Movie Review: Lock, Stock, And Two Smoking Barrels (1998)


A raucous multi-heist crime comedy, Lock, Stock, And Two Smoking Barrels throws everything at the screen. A lot of it sticks, but the film often threatens to disintegrate under its own weight.

In London, friends and small time criminals Eddy (Nick Moran), Tom (Jason Flemyng), Soap (Dexter Fletcher) and Bacon (Jason Statham) pool their money and plan to win big at an illegal poker game run by "Hatchet" Harry (P.H. Moriarty). Meanwhile, Harry instructs his chief henchman Barry "the Baptist" (Lenny McLean) to steal two precious rifles from a bankrupt estate. Big Chris (Vinnie Jones) also works for Harry as an uncompromising collections man, and he incongruously completes his assignments with his young son Little Chris.
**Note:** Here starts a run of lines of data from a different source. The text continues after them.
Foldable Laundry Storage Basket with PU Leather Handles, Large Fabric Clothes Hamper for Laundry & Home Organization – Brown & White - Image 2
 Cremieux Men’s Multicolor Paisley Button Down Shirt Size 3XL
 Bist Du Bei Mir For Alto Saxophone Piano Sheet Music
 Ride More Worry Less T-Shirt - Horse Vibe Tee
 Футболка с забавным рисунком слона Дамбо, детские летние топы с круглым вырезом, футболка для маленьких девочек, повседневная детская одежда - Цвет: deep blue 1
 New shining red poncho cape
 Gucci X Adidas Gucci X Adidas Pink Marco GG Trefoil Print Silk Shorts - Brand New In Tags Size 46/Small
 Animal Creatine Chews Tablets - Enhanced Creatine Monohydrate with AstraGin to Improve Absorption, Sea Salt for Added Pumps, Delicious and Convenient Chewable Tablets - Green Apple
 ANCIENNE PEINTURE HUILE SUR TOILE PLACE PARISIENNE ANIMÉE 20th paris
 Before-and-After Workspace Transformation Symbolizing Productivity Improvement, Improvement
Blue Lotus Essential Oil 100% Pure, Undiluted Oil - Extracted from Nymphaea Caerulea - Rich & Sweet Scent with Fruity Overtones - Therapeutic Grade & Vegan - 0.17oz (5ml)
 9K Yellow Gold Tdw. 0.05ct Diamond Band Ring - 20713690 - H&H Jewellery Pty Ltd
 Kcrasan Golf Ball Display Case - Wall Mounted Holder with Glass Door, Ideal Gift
Barry hires bumbling thieves Gary and Dean to pull off the rifle heist, and thanks to their incompetence the stolen rifles end up with Eddy's acquaintance Nick "the Greek" (Stephen Marcus), infuriating Harry.

The poker game goes badly for Eddy, and he is forced to come up with a lot of money in a hurry. An opportunity arises when he eavesdrops on his neighbours, hardened criminals led by Dog (Frank Harper) and planning a heist of a marijuana grow-op run by mellow potheads. Eddy and his friends plot to steal from Dog, an ill-advised move to begin with, but things get a lot worse when crime lord Rory Breaker (Vas Blackwood) turns out to be the main victim of the marijuana theft, and sets out to extract bloody revenge.

The directorial debut of Guy Ritchie, who also wrote the script, Lock, Stock And Two Smoking Barrels is an enjoyable over-the-top thriller, filled with colourful characters, bizarre incidents, madcap stand-offs and cacophonous shoot-outs. The film is set in a twilight zone free from any law enforcement intervention, where everyone is a crook with varying degrees of violence propensity, and almost everyone is male.

Ritchie's criminals speak with heightened self-awareness, the dialogue a stream of witty put-downs peppered with cockneyisms, north versus south disparagement and never ending vulgarity. The action scenes combine a high bullet count with punctuations of humour. The cameras look away from the bloodiest carnage, Ritchie more interested in intricate set-ups and immediate aftermaths, or capturing in slow motion some of the weirder action on the edges of the main event.

But it all does get to be too much. Between Eddy's crew, Harry's shop, Dog's gang, the weed growers, the idiot thieves and Rory's operation, Ritchie crams six separate groups of guys into his movie. With a relatively economical running time of 106 minutes, narration is pressed into service to try and sort out who's who, the screen time is fragmented into narrative blurs, and no characters emerge as anchors. The film becomes a case of more is less, as there is only so much joy to be squeezed out of random guys threatening other random guys with painful exits.

Lock, Stock And Two Smoking Barrels is stylistically enjoyable, the film's elevated energy just about overcoming a case of too many crooks.